How Do Wood burning fireplace inserts Work?
Wood stoves warm through radiant heat and many have a built-in or optional blower to help distribute heat more evenly over a larger area.
Blowers help save fuel and increase the overall comfort level in the space being heated. Some models provide enough surface space to cook on and most provide an enjoyable view of the flame.
Both wood and wood pellet stoves burn wood, which is carbon neutral, making either choice better for the environment than natural gas or petroleum-burning heaters. Some newer wood stoves include a catalytic combustor resulting in cleaner exhaust gases.
Wood pellet stoves operate at much lower temperatures, are often cool to the touch, and utilize a built-in blower to help warm a room.
The wood pellet stove has a built-in pellet hopper and automated feed system that delivers wood pellets into the stove’s burn chamber where combustion air is forced through the fire to create a furnace-like effect.
The feeder system allows the fire to burn longer without loading than a traditional wood stove. State-of-the-art technology helps control fuel-to-air ratio within the stove and ensures a more complete combustion of the fuel.

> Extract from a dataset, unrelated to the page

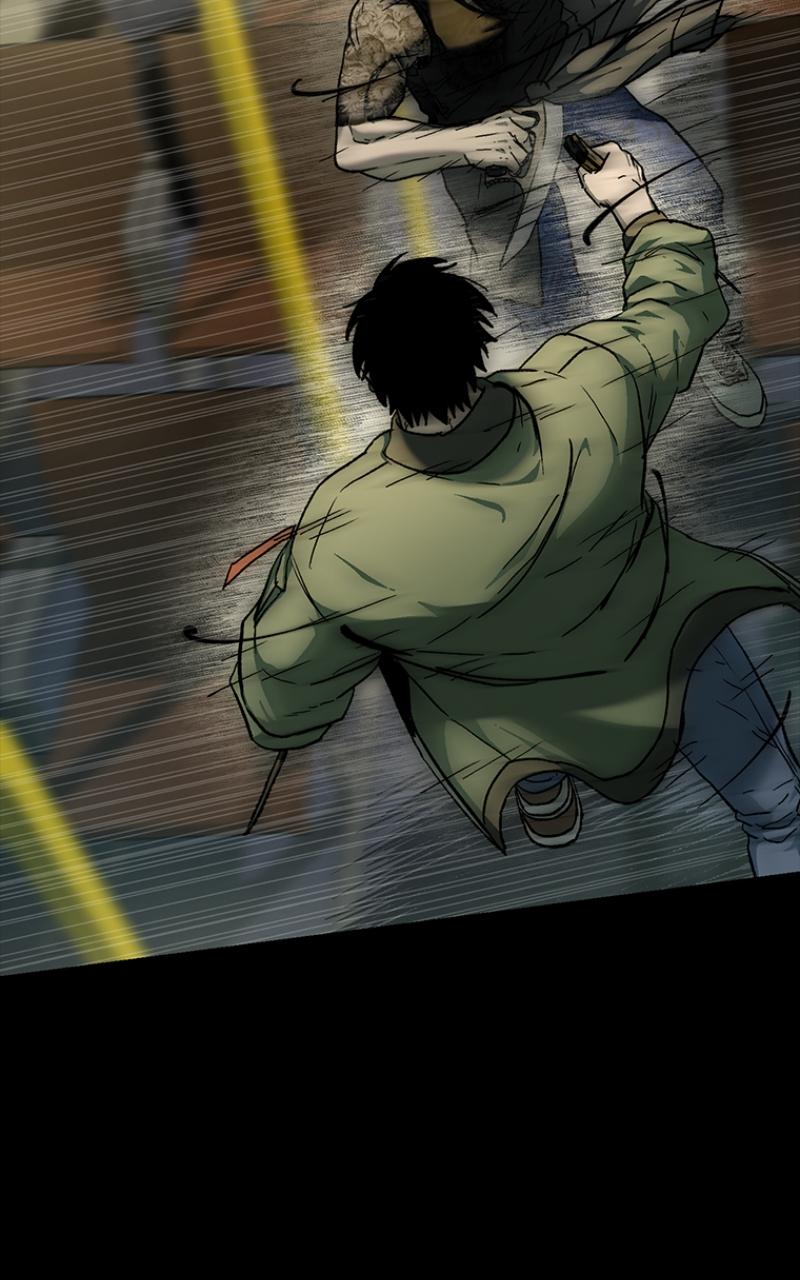 Read Kowloon Copóka Manga Online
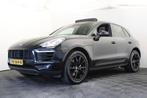 Porsche Macan 3.0 S |Pano|Stoelkoeling/verw.| (bj 2014), Automaat, Gebruikt, Adaptive Cruise Control, Bedrijf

Maintenance depends on your stove choice. A non-catalytic wood stove may take longer to heat and produce more smoke, but it is less expensive and requires less servicing. A catalytic wood stove must be inspected regularly and serviced.
Wood pellet stoves are easy to maintain, but routine maintenance is necessary to ensure it functions properly.
Tip: Both wood and wood pellet stoves are available as standalone units or as fireplace inserts that make use of existing masonry or prefab fireplaces and chimneys. Inserts require less space, but can be more difficult to install.
What Are Wood Pellets?
Wood pellets have the lowest particulate matter emissions of all fuels. Their density allows them to produce lots of heat and very little ash.
Wood pellets typically come from mills, furniture manufacturers, recycling centers, sawdust, logging residue or paper packaging. The wood is dried and compressed into small cylinder-shaped pieces of wood similar in shape to rabbit food.
Pellets are sold in bags or by the ton, and vary in size from 3/8 inch to 1 inch.